(Records shown begins)

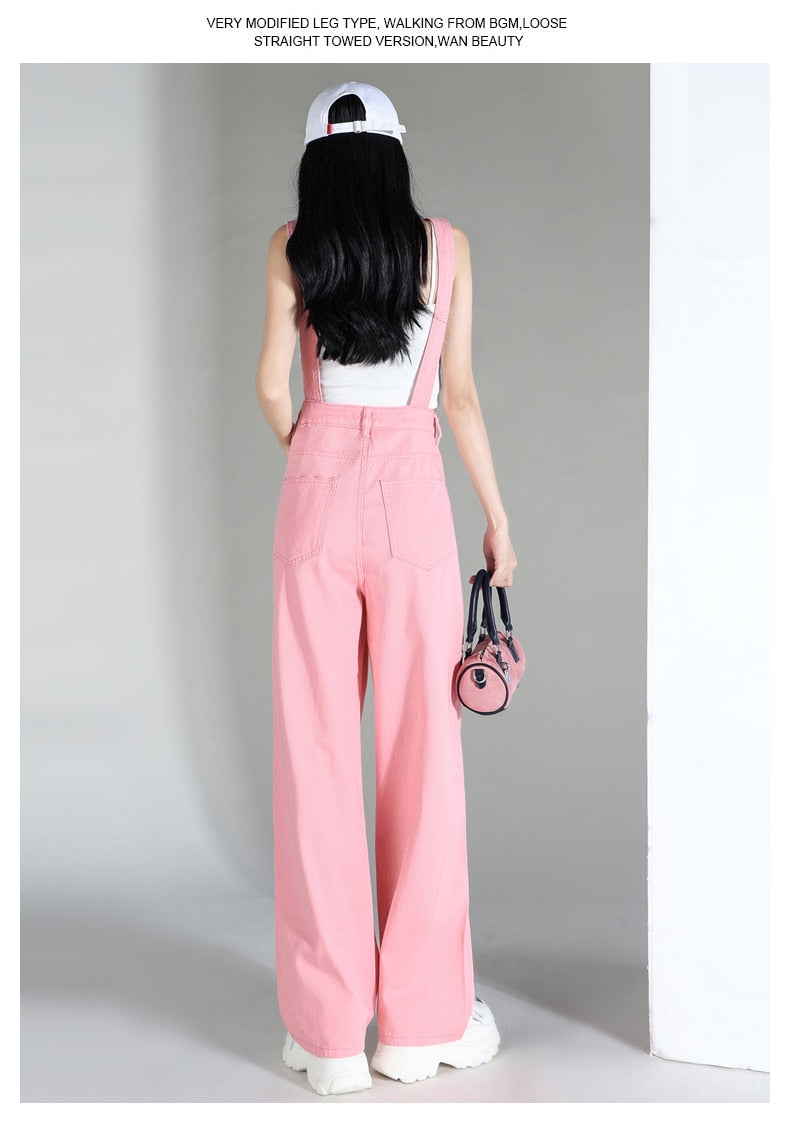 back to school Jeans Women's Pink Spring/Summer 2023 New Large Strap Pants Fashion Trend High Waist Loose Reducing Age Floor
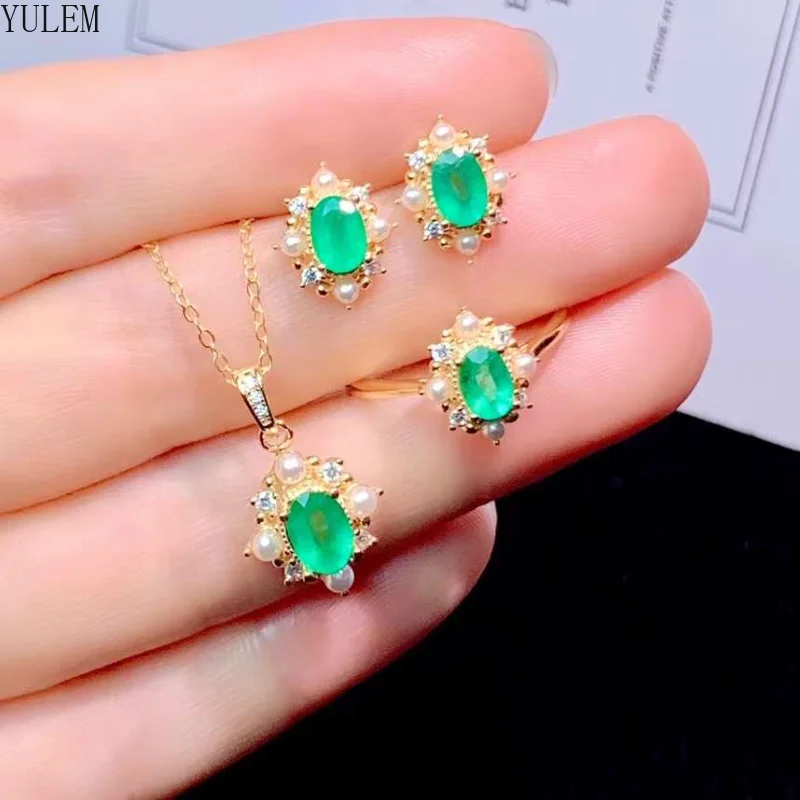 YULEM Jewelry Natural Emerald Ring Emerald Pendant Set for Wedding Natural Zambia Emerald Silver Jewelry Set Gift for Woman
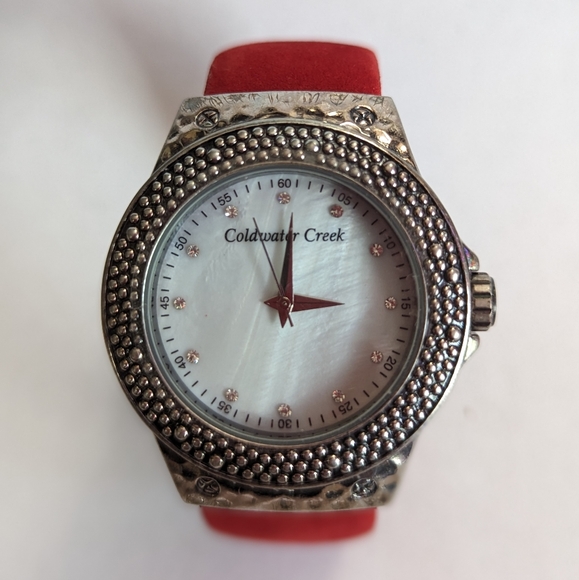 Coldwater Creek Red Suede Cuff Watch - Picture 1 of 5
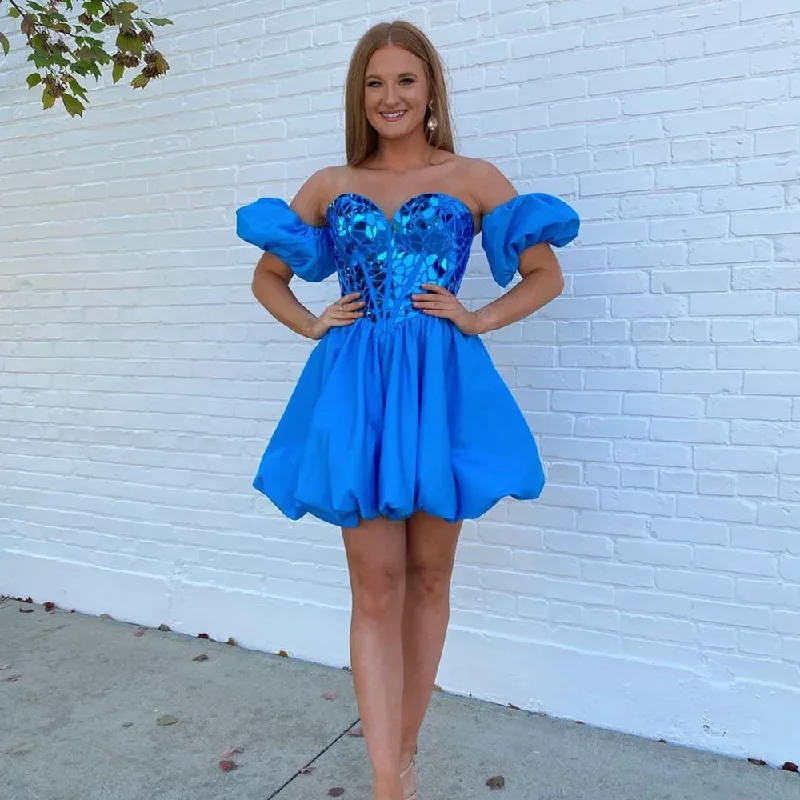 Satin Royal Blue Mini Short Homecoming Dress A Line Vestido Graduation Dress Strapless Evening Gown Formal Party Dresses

(Records shown ends)
(Records shown begins)

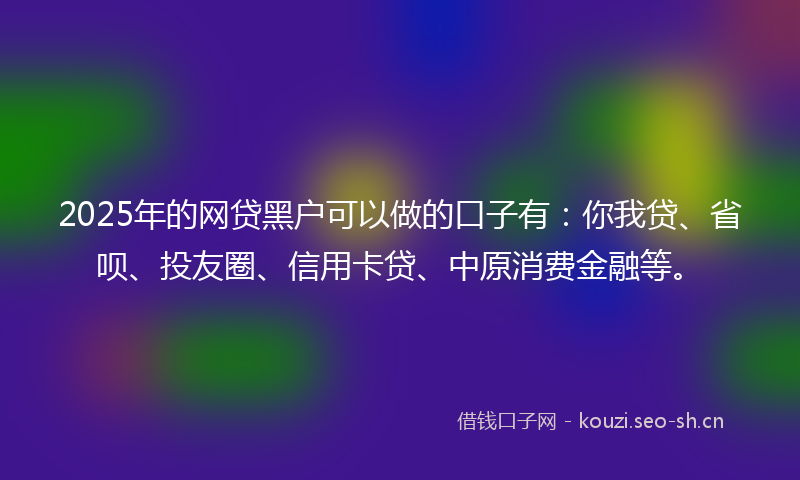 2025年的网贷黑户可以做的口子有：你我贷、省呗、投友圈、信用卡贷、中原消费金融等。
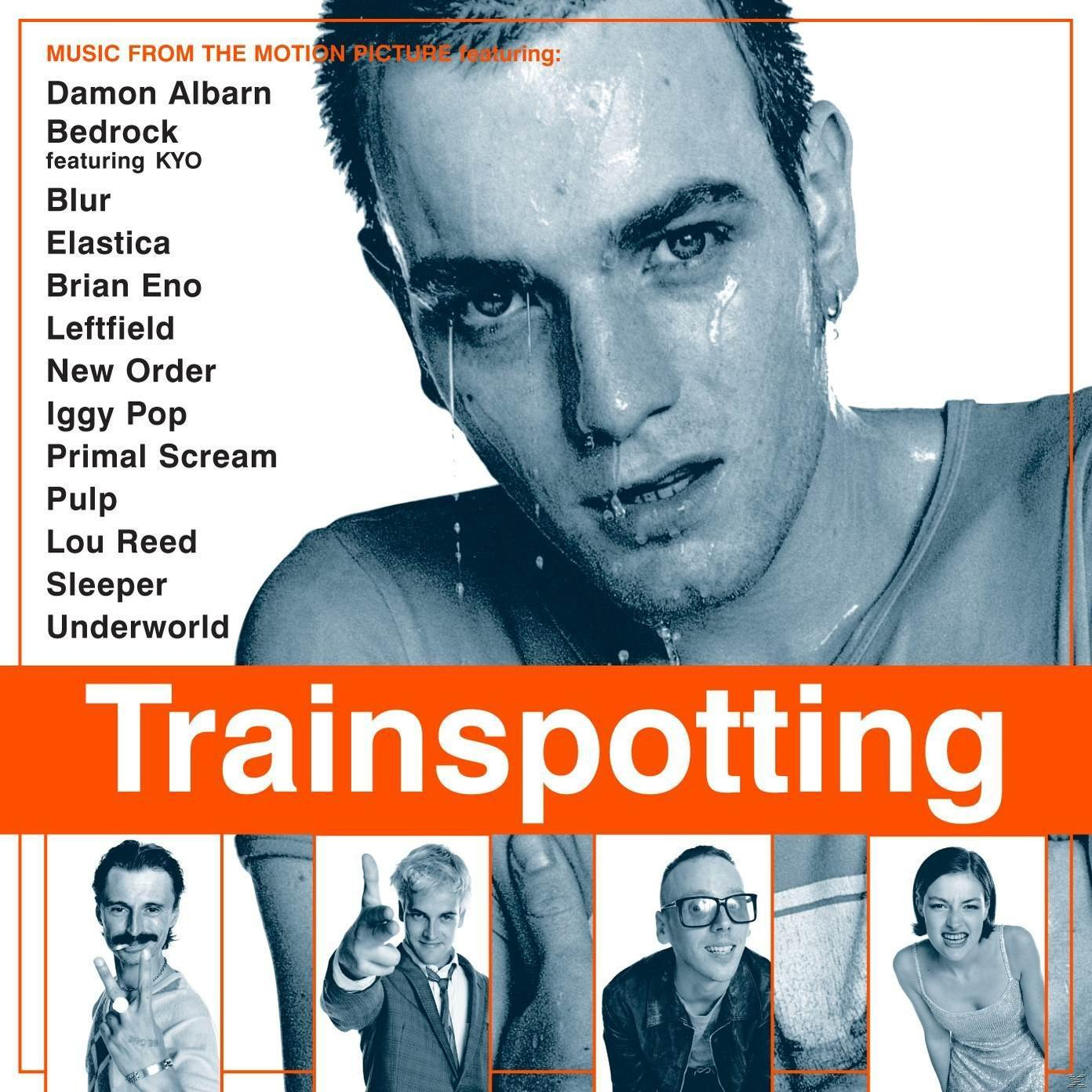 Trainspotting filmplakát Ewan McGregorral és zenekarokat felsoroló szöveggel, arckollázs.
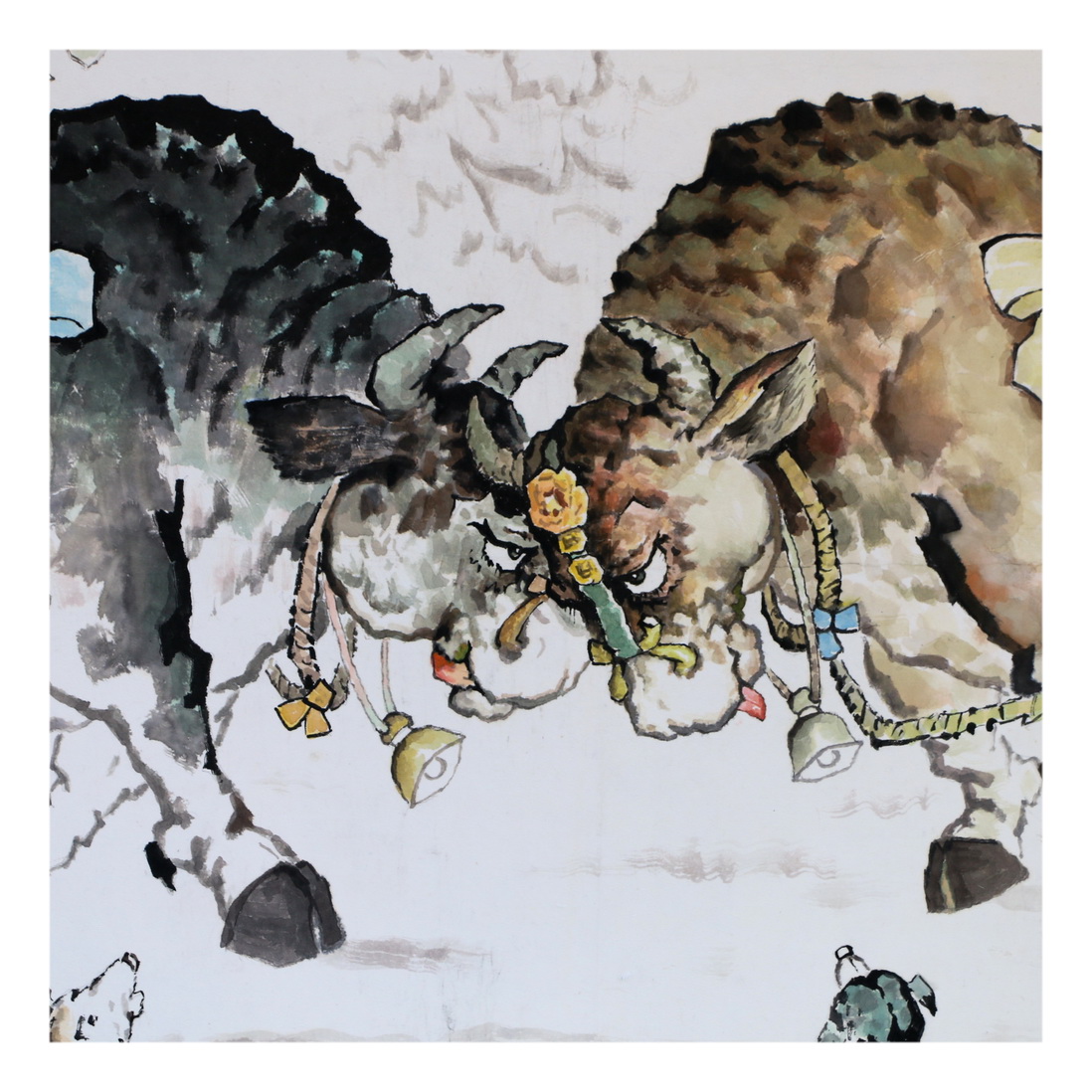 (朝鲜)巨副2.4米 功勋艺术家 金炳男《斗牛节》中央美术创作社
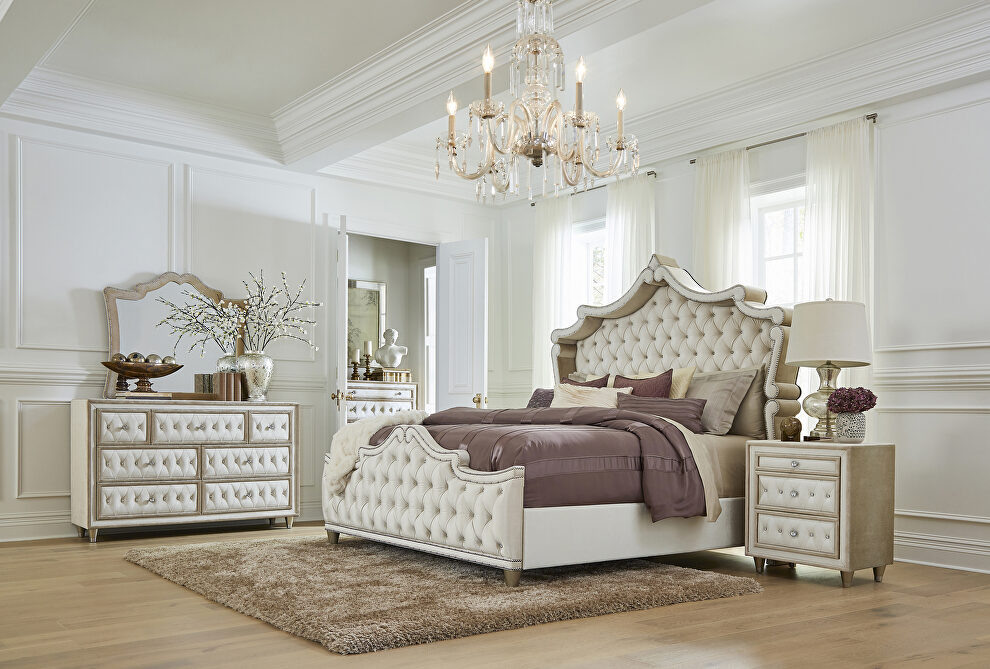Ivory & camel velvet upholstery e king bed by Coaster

(Records shown ends)

# [Brief]
Using the data above, copy exactly the lines from the one containing "back to school" to the one containing "Satin Royal Blue", inclusive. Exclude the pictures.

# [Task output]
 back to school Jeans Women's Pink Spring/Summer 2023 New Large Strap Pants Fashion Trend High Waist Loose Reducing Age Floor
 YULEM Jewelry Natural Emerald Ring Emerald Pendant Set for Wedding Natural Zambia Emerald Silver Jewelry Set Gift for Woman
 Coldwater Creek Red Suede Cuff Watch - Picture 1 of 5
 Satin Royal Blue Mini Short Homecoming Dress A Line Vestido Graduation Dress Strapless Evening Gown Formal Party Dresses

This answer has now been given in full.